Tive que incluir no texto o apelido do finado: Zé Sarney. Os possíveis ouvintes da emissora jamais poderiam saber a quem se referia a Nota de Falecimento, se lá constasse apenas o nome de pia.

Ivo, o nosso Sarney, levava essa alcunha porque tinha um bigode parecido com o do senador lá de Brasília; daqueles que partem das ventas e quase lambem a borda do queixo. Foi também um contador de histórias, dono de uma prosa onde predominava o patético, do nascer ao desaguar no nosso imaginário.

Mas não veio do Maranhão, nunca passou por perto de um Congresso ou Academia de Letras e tampouco sabia lá o que vem a ser um clã nordestino. Excluído, jamais chegaria a Presidente da República! Nunca enricou e diferente do que ocorrerá com o político, morreu sozinho no pronto socorro municipal; sua família não mereceu do Estado nem mesmo uma informação mais respeitosa sobre o que motivou a sua morte - na Certidão de Óbito consta apenas que faleceu em conseqüência de “Causa Indeterminada”. Indignação!

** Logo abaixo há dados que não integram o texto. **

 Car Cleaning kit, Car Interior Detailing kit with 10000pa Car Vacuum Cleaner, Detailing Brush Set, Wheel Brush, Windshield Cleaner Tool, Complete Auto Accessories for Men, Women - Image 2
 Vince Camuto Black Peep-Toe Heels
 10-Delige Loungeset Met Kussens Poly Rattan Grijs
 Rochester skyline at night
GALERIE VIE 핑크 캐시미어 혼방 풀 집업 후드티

Nasceu na cidade de Manhuaçu há cinqüenta e um anos atrás, filho de João Pereira Barbosa e Alícia da Silva Barbosa. Passou boa parte de sua existência em Dona Euzébia. Lá, mantinha alguns familiares e um amigo carroceiro de apelido engraçado: Pandareco. De lá guardava boas e más lembranças. Entre as boas, falava das festas de casamento que freqüentava ainda na juventude; já a recordação da perda da casa onde morava mexia nos seus nervos e anuviava-lhe os olhos. Para lá voltou carregado ao reencontro com a mãe, de quem confessava sentir muita saudade. Seu pai, também falecido, era viajante.

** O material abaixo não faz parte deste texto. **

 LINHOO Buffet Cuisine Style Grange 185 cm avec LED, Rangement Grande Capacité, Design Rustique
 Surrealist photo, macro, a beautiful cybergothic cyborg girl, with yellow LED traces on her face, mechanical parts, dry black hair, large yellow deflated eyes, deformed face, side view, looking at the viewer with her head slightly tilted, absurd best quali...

Há um bom tempo morava em Cataguases. Costumava marcar presença nas rodas de conversa dos taxistas, funcionários de sacolões e frentistas dos postos de gasolina. Amigo e assessor do José Almir, programador musical da feira de artesanato, gastava lá as suas manhãs de domingo. O conterrâneo, Ildeu, era seu porto seguro, dele recebia e considerava bons conselhos.
Com a sua parca renda de aposentado pelo INSS, conseguiu organizar com gosto sua casa: dependurou na parede da sala alguns quadros primitivos, esticou tapete no chão e comprou um potente aparelho de som. Na estante, ostentava orgulhoso uma montagem fotográfica onde aparece em meio corpo portando a faixa presidencial! Compartilhava a audição de suas músicas sertanejas e românticas com os vizinhos e os passantes do final da Avenida Astolfo Dutra, onde morava. Vivia sozinho, mas vaidoso.

Caminhou comigo até a última primavera, ocasião em que revelou acreditar na sua popularidade e admiração pública. Previa inocente e engraçado no trocar das pernas: “Quando eu morrer, Cataguases vai decretar feriado nacional”!

Às vezes, dialogava com criaturas que nós, seres normais e adaptados à vida presente, não conseguíamos vislumbrar. Gostava de chuva - por várias vezes o flagrei falando sozinho, na porta de casa, apontando o dedo para o sol poente; chamava as águas que na curva do céu, ainda nuvens, apareciam-lhe feito “rabos de galo”.

Por razões que fogem ao nosso entendimento, deixou tudo de lado para enfrentar o que dizia temer: a morte. Decidido, Jejuou do arroz-com-feijão e por muitos dias limitou seu alimento ao extrato de cevada e lúpulo. Vagou desvairado pela cidade. Na tontura de suas horas, desconsiderou os limites do corpo, como se um espírito atormentado não precisasse também de um “cavalo” pra se manifestar!

Perdeu a batalha no último três de junho, terça-feira. Embora fosse conhecido, o féretro foi acompanhado por não mais do que vinte pessoas. Imagino que muitos, ao tomarem conhecimento de seu passamento se apiedaram. Outros, como bem disse o poeta Manuel Bandeira, “estavam todos voltados para a vida, absortos na vida, confiantes na vida” e não se deram conta da fatalidade.

Nas últimas palavras, dou o testemunho da retidão e honestidade do meu amigo. Ivo tinha nome limpo na praça, fazia questão de pagar em dia as suas contas. A propósito, antes de entrar em agonia, enviou-me, através de sua irmã, certa quantia para que em seu nome eu liquidasse uma prestação numa grande loja. Com a pressão em queda livre, partiu.

Não paguei o carnê. Devolvi o dinheiro à família enlutada e às voltas com as despesas do funeral. Que seus pretensos credores, se tiverem coragem e o Código de Endereçamento Postal, encaminhem cartinhas de cobrança ao Paraíso, aos cuidados de Deus. O endereço é Rua dos Pobres pelo Espírito, onde Zé Sarney, liberto, foi ser feliz.